-- What the task asks --
Write out each entry below exactly. Do not include the images.

-- Data in this exercise --
——————

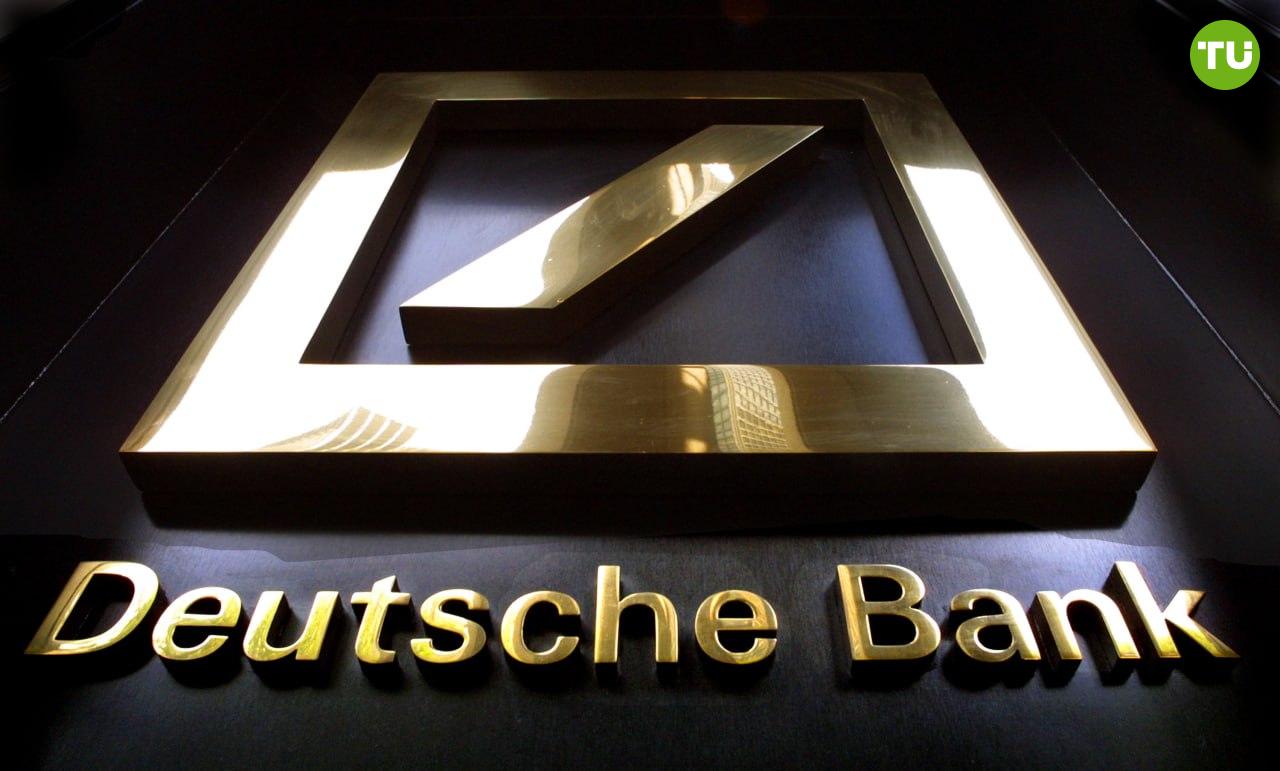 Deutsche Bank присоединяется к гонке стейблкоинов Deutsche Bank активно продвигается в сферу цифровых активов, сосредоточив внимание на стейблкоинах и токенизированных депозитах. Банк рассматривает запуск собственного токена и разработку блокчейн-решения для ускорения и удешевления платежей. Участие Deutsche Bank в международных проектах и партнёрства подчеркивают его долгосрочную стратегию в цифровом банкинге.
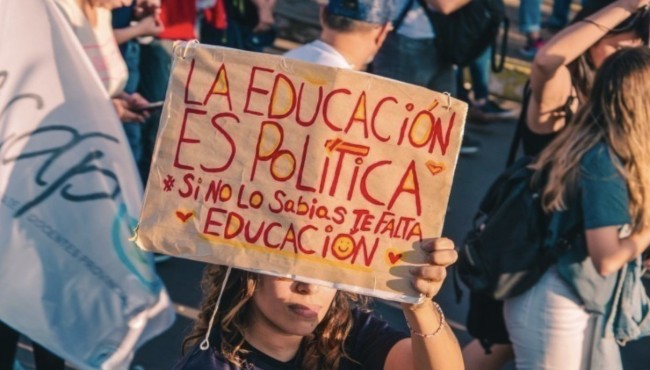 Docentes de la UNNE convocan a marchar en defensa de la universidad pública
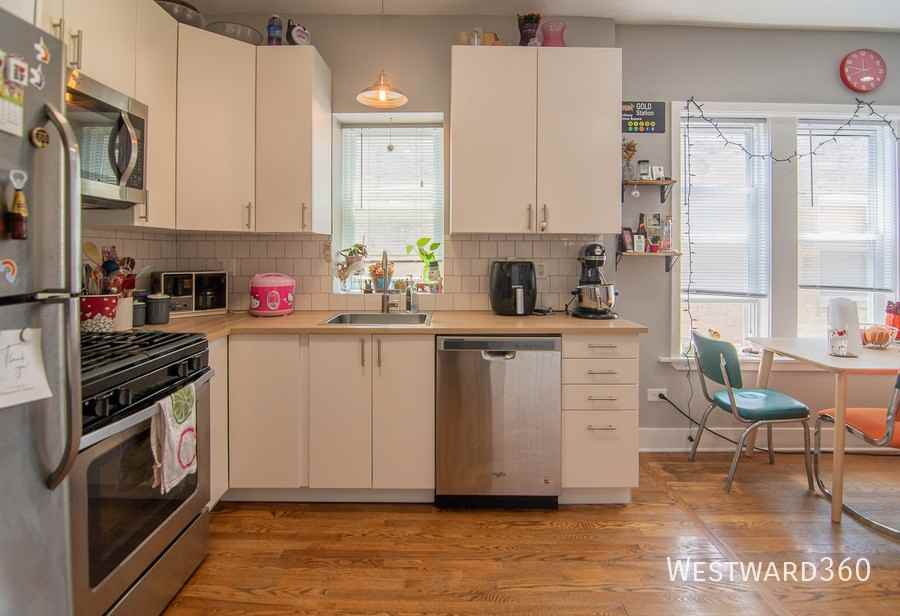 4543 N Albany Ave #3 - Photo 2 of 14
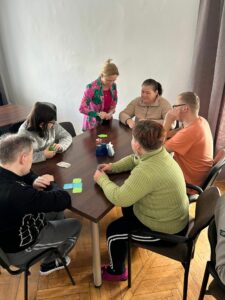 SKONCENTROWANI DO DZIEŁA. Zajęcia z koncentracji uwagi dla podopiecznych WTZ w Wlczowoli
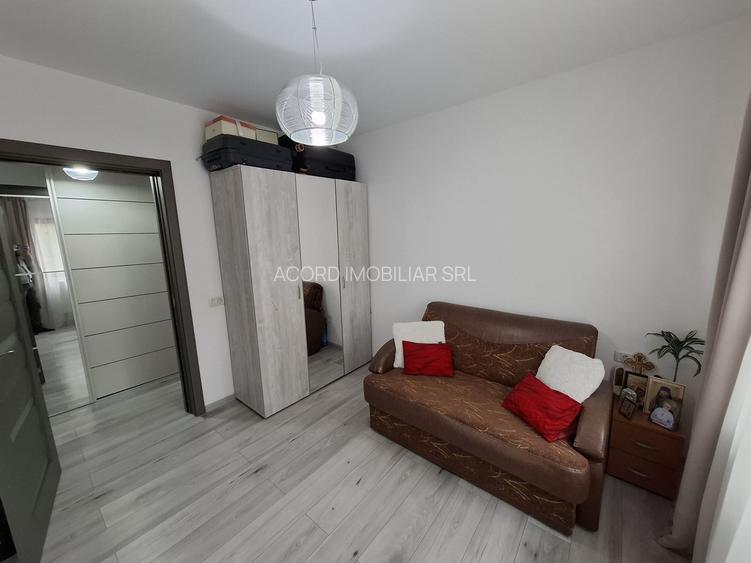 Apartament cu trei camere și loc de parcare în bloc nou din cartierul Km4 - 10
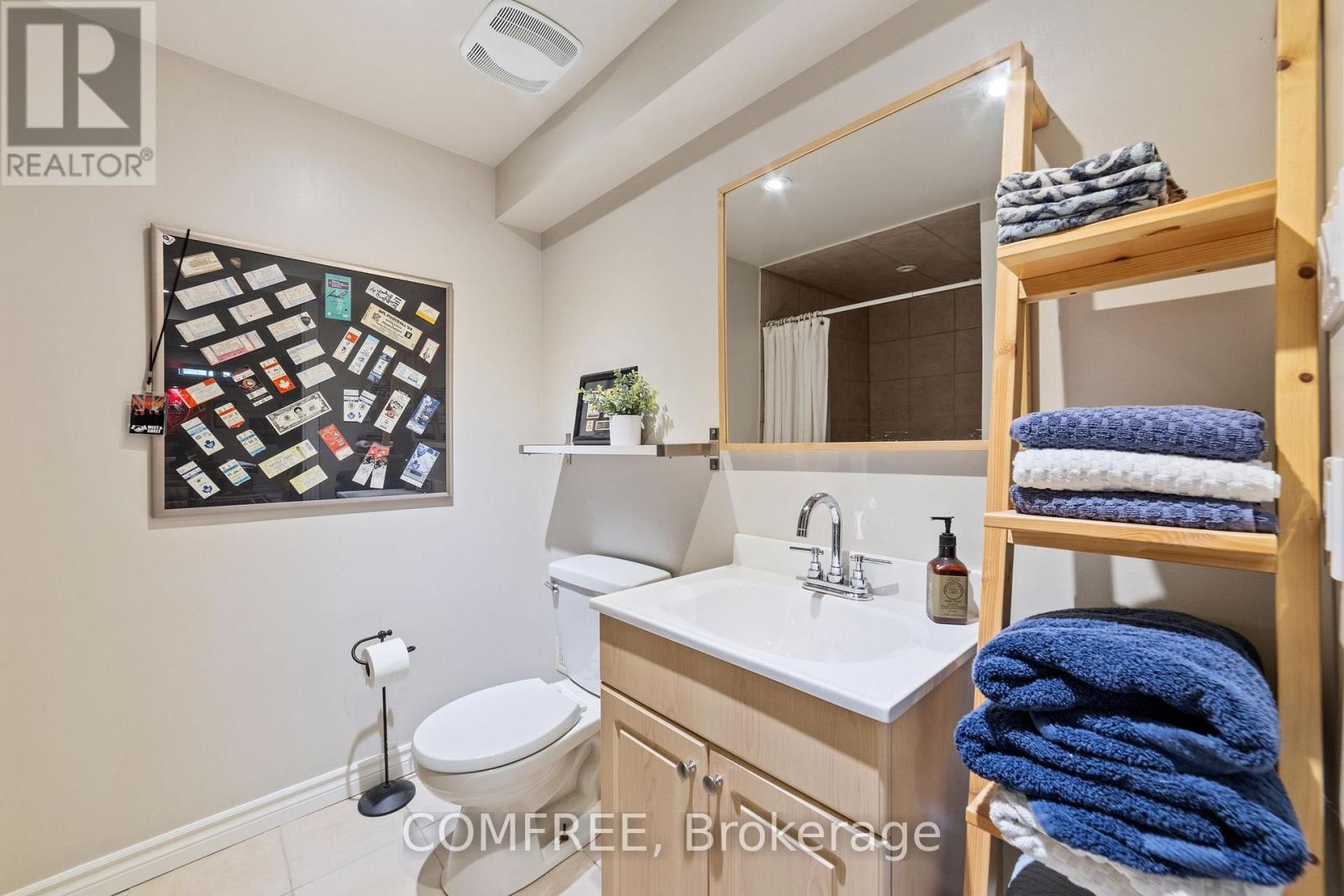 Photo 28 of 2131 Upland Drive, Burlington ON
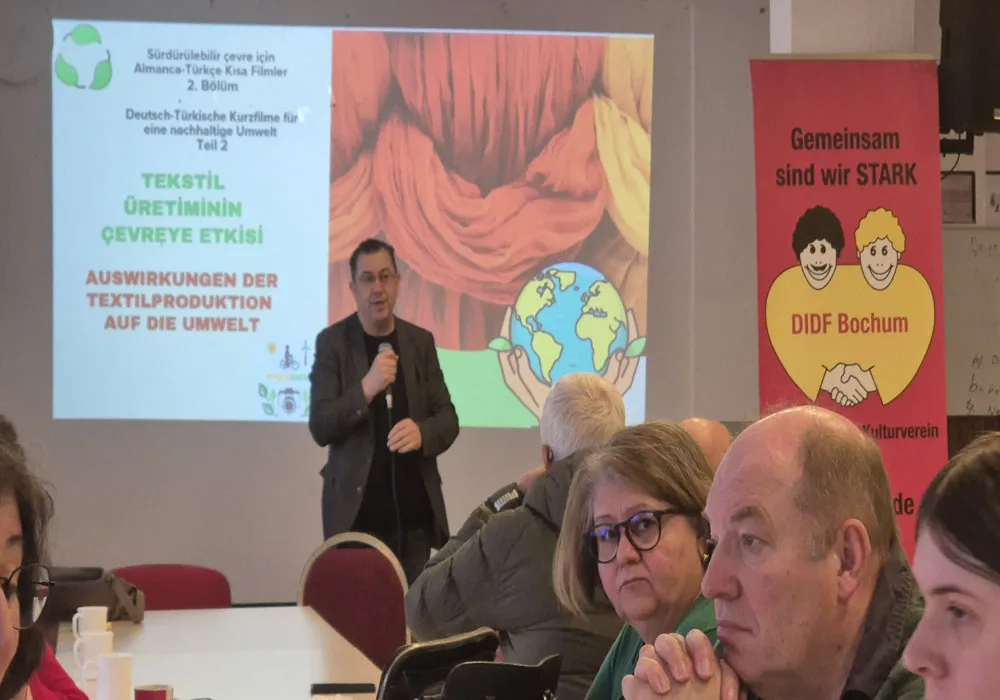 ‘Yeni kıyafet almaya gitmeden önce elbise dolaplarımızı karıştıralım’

——————

-- Exercise response --
 Deutsche Bank присоединяется к гонке стейблкоинов Deutsche Bank активно продвигается в сферу цифровых активов, сосредоточив внимание на стейблкоинах и токенизированных депозитах. Банк рассматривает запуск собственного токена и разработку блокчейн-решения для ускорения и удешевления платежей. Участие Deutsche Bank в международных проектах и партнёрства подчеркивают его долгосрочную стратегию в цифровом банкинге.
 Docentes de la UNNE convocan a marchar en defensa de la universidad pública
 4543 N Albany Ave #3 - Photo 2 of 14
 SKONCENTROWANI DO DZIEŁA. Zajęcia z koncentracji uwagi dla podopiecznych WTZ w Wlczowoli
 Apartament cu trei camere și loc de parcare în bloc nou din cartierul Km4 - 10
 Photo 28 of 2131 Upland Drive, Burlington ON
 ‘Yeni kıyafet almaya gitmeden önce elbise dolaplarımızı karıştıralım’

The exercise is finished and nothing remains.